SADOU HAROUNA DIALLO, MAIRE DE GAO « Les autorités intérimaires ne doivent pas concerner ma Commune »

Sadou Harouna Diallo, président du PDES et maire de Gao

Dans une interview qu’il nous a accordée, le maire de la Commune urbaine de Gao, Sadou Harouna Diallo, revient sur l’installation des autorités intérimaires dans le Nord et particulièrement à Gao. Pour le patron de l’hôtel de ville de la Cité des Askia, les autorités transitoires ne doivent en aucun cas concerner sa ville. Exclu du processus de démobilisation, désarmement et réintégration (DRR), M. Diallo demande aussi un traitement particulier pour la jeunesse de Gao qui a résisté face aux envahisseurs.

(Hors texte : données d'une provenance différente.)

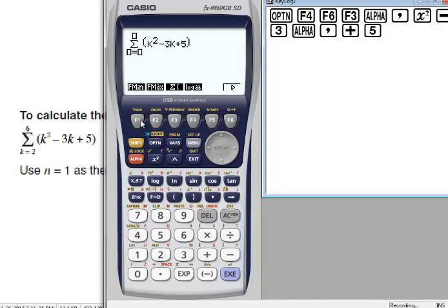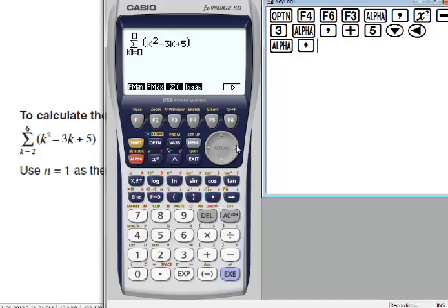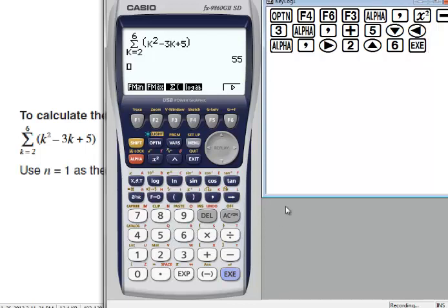When k changes from 2 to 6, I will write k over here, then 2 as the start point, and the end point is 6. Then Alpha comma, then 2 and 6. Execute. The answer is 55.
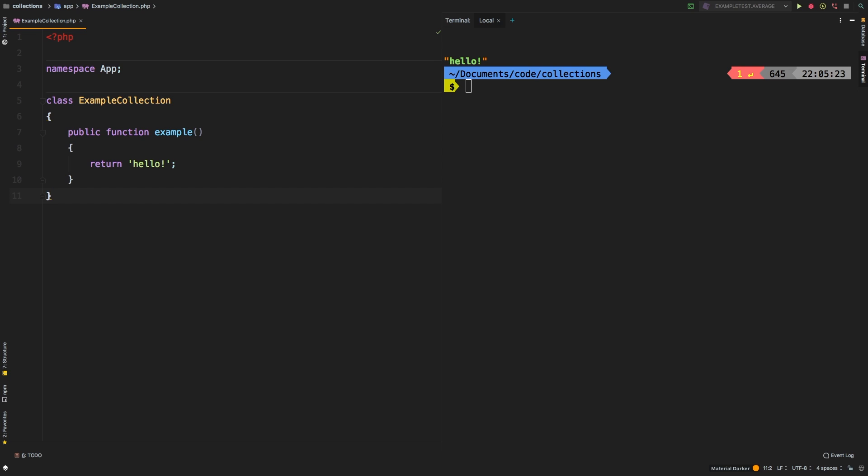Welcome to the Laravel Collections guide. In this series we take a look at each of the available methods in the Laravel collection class and dive deep through examples explaining what it does. Today we're going to be taking a look at whereBetween and whereNotBetween. Now these two functions are very similar and they're actually fairly new to the Laravel framework.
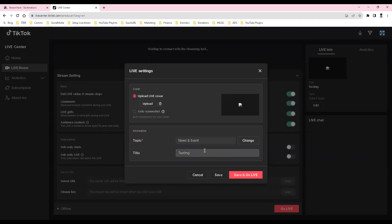Enter a title. Click save and go live button. Don't worry, you're not streaming yet to TikTok.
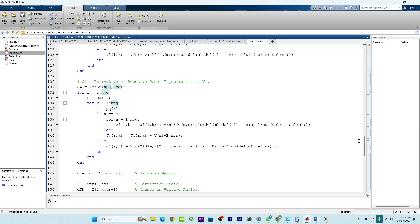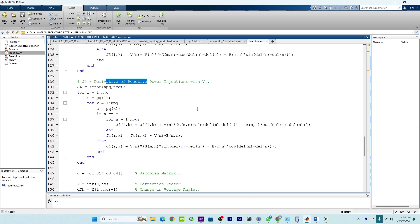Finally there is J4, which shows how changes in the voltage magnitudes at PV and PQ buses affect the real power injections at PQ buses. That is how J1, J2, J3, and J4 work together. The Jacobian matrix sub-components are essential for Newton-Raphson load flow analysis, where they help linearize the power flow equations, enabling the system to iteratively converge to a balanced state more efficiently. They provide valuable insights into how voltage variations influence power injections in the power system. Please like the video and subscribe to the channel.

Vous avez dit samedi dernier à la conférence de presse des partis de l’opposition que vous n’avez pas donné l’autorisation aux jeunes de Gao de marcher le 12 juillet. Qui donc les a autorisés à marcher ?
La jeunesse a voulu marcher. Elle n’a eu l’autorisation, mais elle a marché. Quand je dis que si j’étais à Gao le 12 juillet, j’allais marcher avec les jeunes, chacun l’interprète de sa façon, mais cela veut dire que quand je suis à Gao, les gens marchent sans mort.
Sachant que la situation du pays ne permet pas une marche, en tant que autorité je ne l’autorise pas.
Mais j’allais encadrer la jeunesse afin qu’elle puisse faire ses réclamations.
Il y a eu plus de 15 marches depuis que je suis à Gao.
Quinze jours avant que je ne quitte Gao il y a eu une marche. Je n’ai pas donné l’autorisation mais je les ai encadrés et ça s’est bien passé.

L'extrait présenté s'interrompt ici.